The really cool thing is not on the launching end, it's on the recovery end. I want recovery systems to home in on where I am. I'm sure it's possible, but it would be pricey.

Greg

This could be the seed of a fascinating NAR Research & Development contest category entry. You could use the same "wind-weighting" equations that are used to aim the launchers of full-scale unguided sounding rockets so that the rockets will land in desired impact areas. As the folks at Wallops Island, White Sands, Woomera, and other ranges do, you could collect pre-launch wind data from a ground-based portable anemometer and acquire "winds aloft" data by tracking the motions of released helium balloons. (The "big boys" sometimes botch their "wind-weighting"--the second British Skylark sounding rocket veered far away from its assigned impact zone on the Woomera Range in Australia because the launch crew accidentally skipped one of the equations that they used to compute the rockets' trajectories based on the winds aloft!)

On the micro scale that we deal with, the winds change way too much for this data to remain relevant.


Bill

That must be the NSL I missed, with all of the debate over the then new safety guideline about crosswind positioning.

There was quite a bit of overflying the crowd at NARAM last summer, both from the sport and contest ranges, and many of the same officials were there.


Bill

I can't agree with that, because I've seen it done in support of manned balloon flights. The owner of a local hot-air balloon rides company uses precisely that method (tracking the movements of small toy helium balloons) to determine whether to fly his passenger-carrying balloon (I flew with him in 2008). He takes off up to 30 minutes after tracking his small "pilot balloons," and he flies at a maximum altitude of about 2,000 feet AGL (Above Ground Level, as opposed to Sea Level), which is the altitude zone in which model rockets fly.

Go to Scientific Surplus website and get a cheap ten dollar camera tri-pod. Then using the plastic rod holder from your estes launch pad, trace the bottom of it to a piece of 3/16" balsa wood. Cut out this pattern. Drilla hole slightly larger than the 1/4" 20 bolt that comes out of the top of the tripod. Where you mount your camera. Once the hole is drilled using 20 min. epoxy glue a nut the will thread onto the tripod. Usually 1/4" 20 onto the balsa you cut. Let dry. When dry test it on the tri-pod see if you can thread the wood onto the tri-pod. If you can now is the time to epoxy the balsa to the plastic rod holder. make sure the nut is inside. When this is dryyou can screw it onto the tri-pod and now you have a launcher that will aim any where. Also you do not have to bend over to hook up the ignitor.The rocket is about chest level. Another goody is that is you are on uneven ground you can use the tri-pod legs to level it out. I will attach pictures tomorrow. Chief nukemmcssret ;)
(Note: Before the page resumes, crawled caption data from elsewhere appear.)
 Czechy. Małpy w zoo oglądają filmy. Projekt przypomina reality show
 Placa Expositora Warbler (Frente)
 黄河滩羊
I've got a new Odd'l Rockets accessory coming out in the next few weeks that will allow you to use most any camera tripod for launching without any drilling or epoxy.
When you are done launching, it comes off clean and allows you to use the tripod with your camera.
I've been launch testing this for the past few weeks.
It's great not being on the wet ground trying to connect up micro clips. My bad knee likes it too.
It feels more "professional" flying rockets on a tripod launcher without lightning bolt legs. The Estes plastic rod holder won't last long. My adapter doesn't use it. The blast deflector is locked in and flat.
Launch angles are easier to adjust with the tripod. And, taking launch pictures is easier when the blast deflector is three feet above the ground.
I wish I'd done this years ago!
Keep an eye out for the product announcement.

This is really not relevant to small rockets under parachute recovery. Think about the force vectors involved. A sub one pound rocket descending at 18 ft./sec vs a full size hot air balloon with a "crew" of probably 1000 lbs. And the upper limit on wind velocity is lower for launching a balloon.
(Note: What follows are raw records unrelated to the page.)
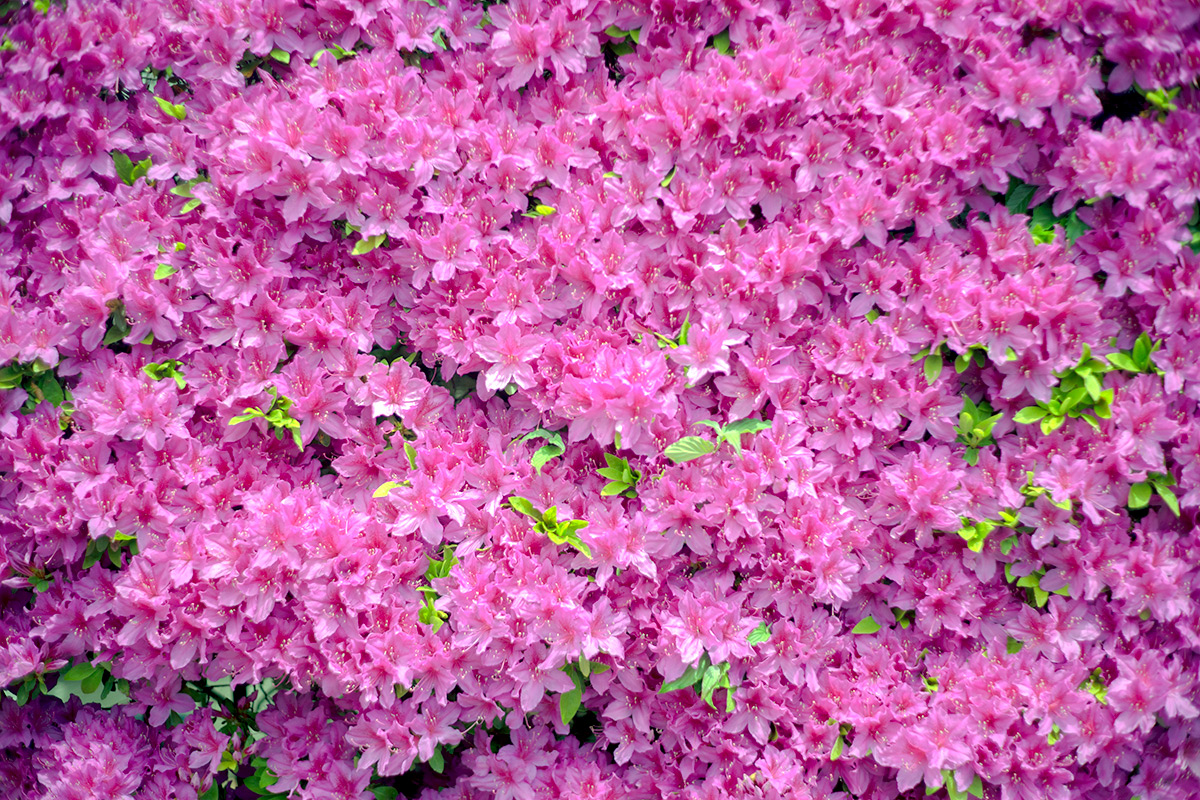 愛川町 w/ Hexanon 1:1.8 f=50mm - 2017年5月4日撮影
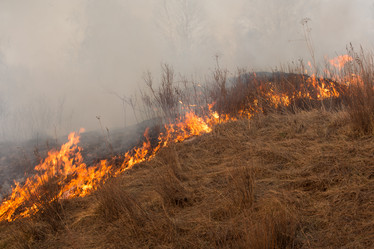 Similar image 21965382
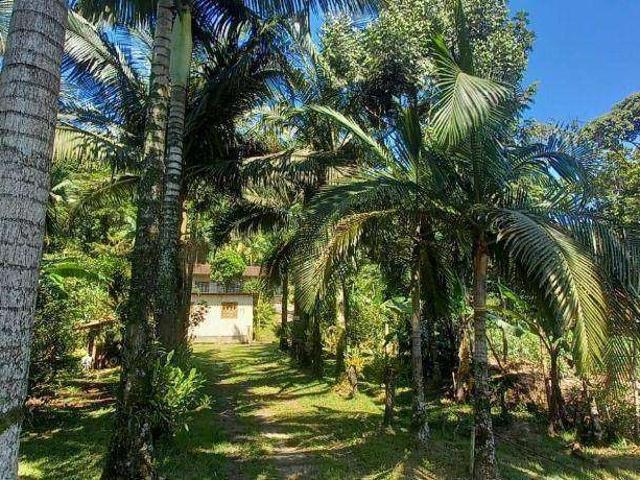 Sítio e chácara venda em Região Geográfica Imediata de Florianópolis, Desterro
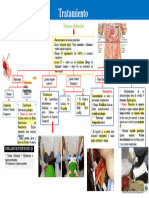 Tratamiento Trauma Abdominal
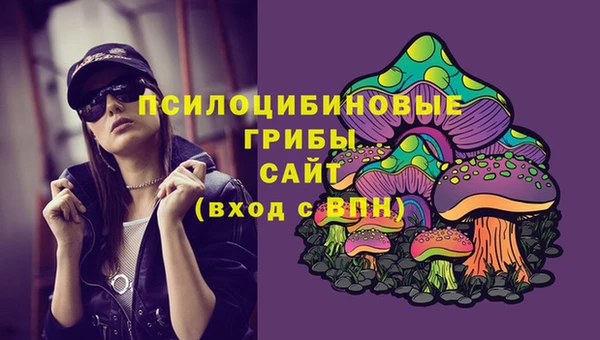 гидра Белокуриха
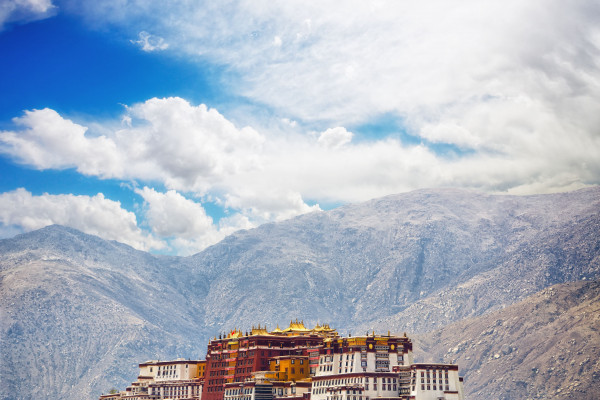 Leh-Ladakh Tour with 5 Days of Pangong Lake Trip, Khardung La Pass Visit & More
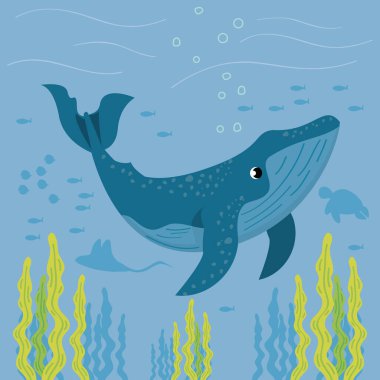 Balina deniz altı deniz canlıları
I believe that 1/4"x20 thread is the size which goes into a 1/4" drill chuck, though you will have to replace the one which comes with the tripod with your longer bolt. I got some of those chucks very cheaply last year when Michaels was clearing out their Fiskers hand cranked craft drills.


Bill

I respectfully suggest that you re-read Reply #22 more carefully. I wasn't referring to the passenger-carrying hot-air balloon that the local balloon tour pilot flies; I was referring to the small helium-filled toy party balloons that he releases and tracks as pibals (pilot balloons, a term which has *no* relation to a large balloon with a human pilot onboard) to determine if the wind velocities and directions at various altitudes are favorable for his desired flight direction.

Since he seldom flies above 2,000 feet AGL (Above Ground Level), which is also the altitude region in which most model rockets fly, and since the wind force vectors acting upon the small pibals are comparable to those acting upon a model rocket descending under a parachute, the experiment would be a useful one.

No, it wouldn't. Between the launch of a small balloon and the launch of the rocket, wind vectors will have changed multiple times. Small Balloon wind determination produces snapshots of a dynamic environment. Spring and fall, especially, experience multiple wind shear phenomenon at quite low altitudes. Those seasons also produce the largest directional and velocity shifts in the shortest periods of time. Any effort to use a balloon to predict winds over a fixed location is an exercise in chaos theory. The change rates for altitude, velocity and direction over a single location will yield little more than a general idea. Fine for hot air ballooning (they are considerably less perturbed.) Not very useful in the context of model rocket flight/descent profile prediction.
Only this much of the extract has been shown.